Joel rubbed at his eyebrow with his fingertips, as if he were trying to erase a smut of persistent guilt. ‘Yes,’ he said. ‘I hadn’t forgotten.’

  ‘You shouldn’t blame yourself,’ said Barney. ‘It wasn’t your fault any more than it was my fault.’

  ‘Maybe it wasn’t. But you still dreamed about her blood on your hands, didn’t you? And I still dream about the way she looked that night I walked out on you.’

  Mooi Klip came into the tent and picked up the lantern to lower the wick. ‘Joel,’ she admonished him, ‘it’s time you sleep.’

  ‘Who needs a mother?’ asked Joel, with an ironic smile. ‘This girl tells me when to wake up, when to go to sleep, when to wash my teeth. She feeds me and bathes me and treats me like her own.’

  Barney stood up. ‘You’ll be better tomorrow. And by Monday you’ll be fighting fit. Fit enough to fight the Diggers’ Association, anyway.’

  ‘When are you seeing that lawyer friend of yours?’

  ‘Tomorrow, after church.’

  ‘Church? They let Jews into church?’

  ‘Mr Barney they let into church. Mr Blitz they don’t.’

  Joel raked his fingers through the stubble of his beard. ‘I hope for your sake they don’t find out. They’ll kick your backside all the way to Capetown.’

  Mooi Klip straightened Joel’s blankets, and then joined Barney outside the tent. Barney took her hand, and drew her close to him. He kissed her, and she closed her eyes and kissed him in return, softly, quickly, as if she were tasting moskonfyt on his lips.

  She said, ‘In two days, we go back to Klipdrift.’

  ‘Who’s going back to Klipdrift?’

  ‘Jan Bloem, his mother, all of us. He speaks already to the British, and the diggers.

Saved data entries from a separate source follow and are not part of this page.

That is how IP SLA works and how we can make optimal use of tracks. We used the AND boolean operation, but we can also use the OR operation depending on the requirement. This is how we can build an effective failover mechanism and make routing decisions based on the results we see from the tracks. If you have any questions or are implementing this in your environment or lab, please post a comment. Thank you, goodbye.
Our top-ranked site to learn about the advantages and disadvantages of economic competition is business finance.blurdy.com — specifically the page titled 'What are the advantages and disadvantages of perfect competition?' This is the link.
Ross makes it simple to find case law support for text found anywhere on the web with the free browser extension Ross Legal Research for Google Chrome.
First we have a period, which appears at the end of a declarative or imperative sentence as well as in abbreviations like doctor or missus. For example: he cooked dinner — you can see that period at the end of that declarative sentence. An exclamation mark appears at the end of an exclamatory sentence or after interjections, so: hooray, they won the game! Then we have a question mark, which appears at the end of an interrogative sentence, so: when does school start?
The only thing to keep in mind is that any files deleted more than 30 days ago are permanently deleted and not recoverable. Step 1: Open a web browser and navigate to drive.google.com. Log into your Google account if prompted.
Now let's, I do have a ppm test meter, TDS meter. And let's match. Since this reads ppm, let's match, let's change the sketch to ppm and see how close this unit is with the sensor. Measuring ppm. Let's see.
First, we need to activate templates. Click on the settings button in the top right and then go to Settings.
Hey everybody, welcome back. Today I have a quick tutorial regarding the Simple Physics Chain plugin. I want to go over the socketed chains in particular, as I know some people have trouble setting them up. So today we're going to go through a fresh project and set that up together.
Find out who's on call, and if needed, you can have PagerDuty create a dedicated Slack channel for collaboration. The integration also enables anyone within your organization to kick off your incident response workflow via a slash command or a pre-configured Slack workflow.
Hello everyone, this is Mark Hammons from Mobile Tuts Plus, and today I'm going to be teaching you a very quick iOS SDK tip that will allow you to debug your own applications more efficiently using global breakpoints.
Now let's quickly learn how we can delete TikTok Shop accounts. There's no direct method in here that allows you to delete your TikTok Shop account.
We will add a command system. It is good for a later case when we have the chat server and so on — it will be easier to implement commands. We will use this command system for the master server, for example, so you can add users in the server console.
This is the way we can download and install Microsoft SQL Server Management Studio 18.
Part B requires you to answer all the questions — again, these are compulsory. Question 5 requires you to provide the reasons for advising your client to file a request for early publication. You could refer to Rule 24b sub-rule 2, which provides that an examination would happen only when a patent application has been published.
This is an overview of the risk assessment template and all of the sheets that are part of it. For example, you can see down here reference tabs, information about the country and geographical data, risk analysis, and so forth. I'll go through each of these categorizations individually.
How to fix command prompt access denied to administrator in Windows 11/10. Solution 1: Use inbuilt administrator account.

Now he goes home.’

  Barney touched her cheek with his fingertips. ‘And what will you do? Will you go back to Klipdrift along with him?’

  ‘My family is there. My mother, my father, and my brothers.’

  ‘I know. But will you go back?’

  Mooi Klip lowered her head. ‘Do you want me to?’ she asked him.

  Barney licked his lips in uncertainty. When he had taken Mooi Klip in the grass, when he had first made love to her, he had not thought for a single second about the complications of starting a liaison with a coloured girl. She was pretty, and she had a gentle way about her that fascinated him, and made him feel like holding her close and protecting her. But this was Cape Colony, and she was a half-caste.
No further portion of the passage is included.